Problem statement >>
Please copy the data below exactly; none of the pictures in it belong in the copy.

Collected data >>
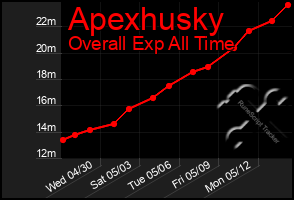Total Graph of Apexhusky
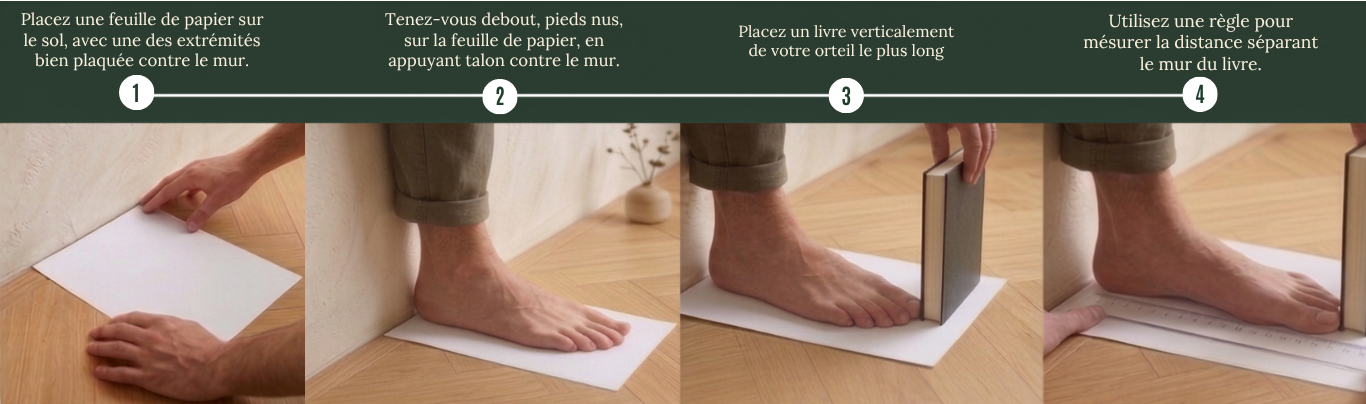 &ldquo;width=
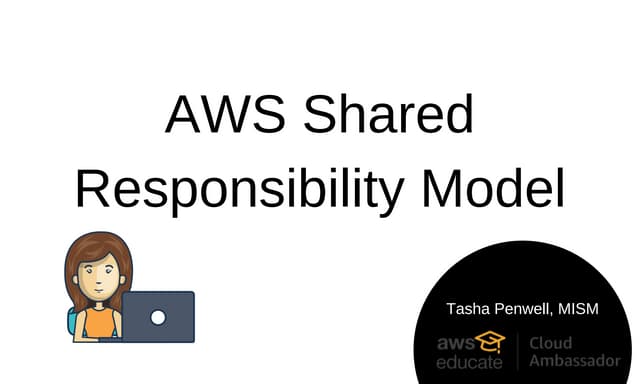 AWS Shared Responsibility Model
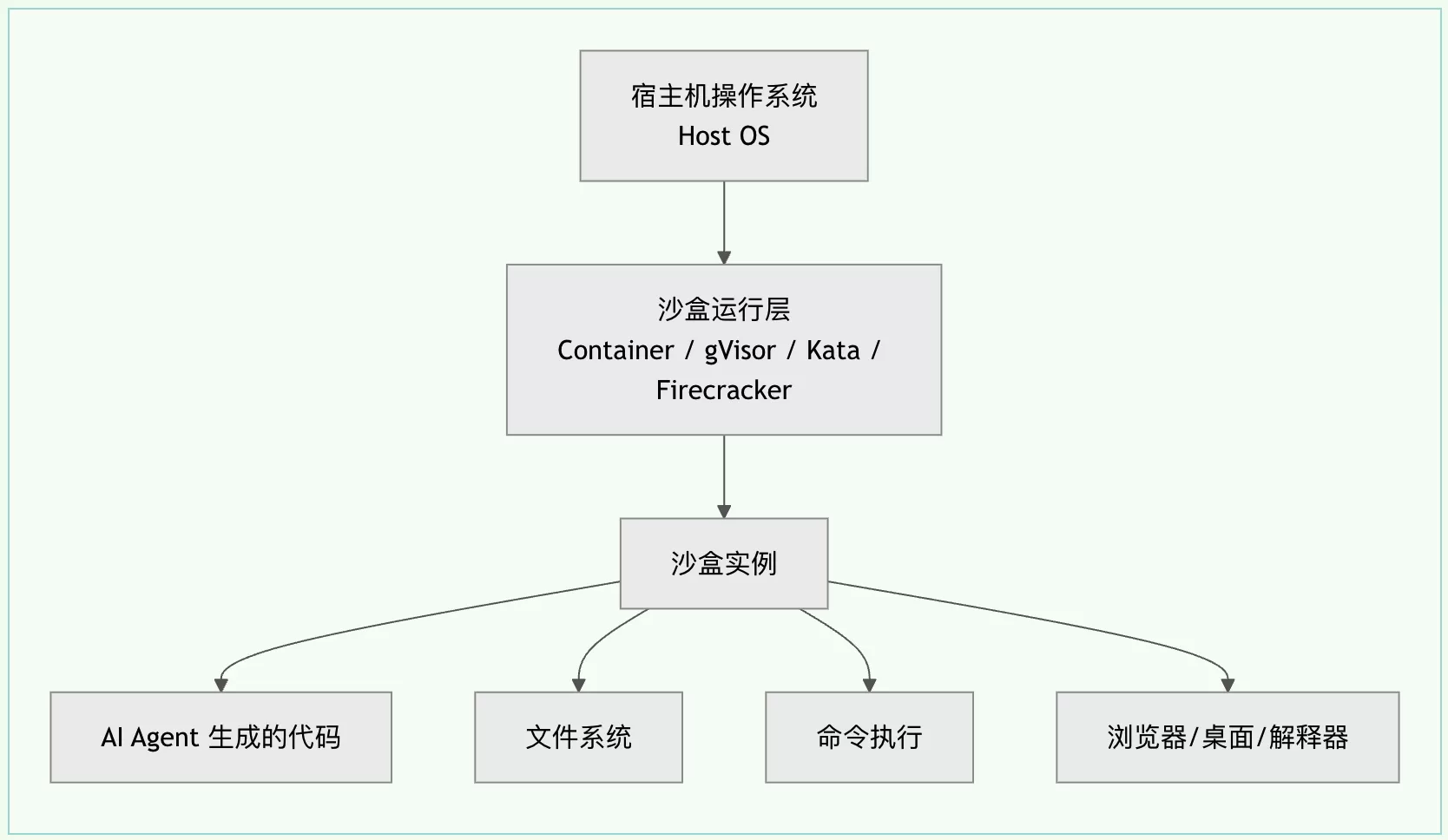 图片 1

Solution to the exercise >>
Total Graph of Apexhusky
 &ldquo;width=
 AWS Shared Responsibility Model
 图片 1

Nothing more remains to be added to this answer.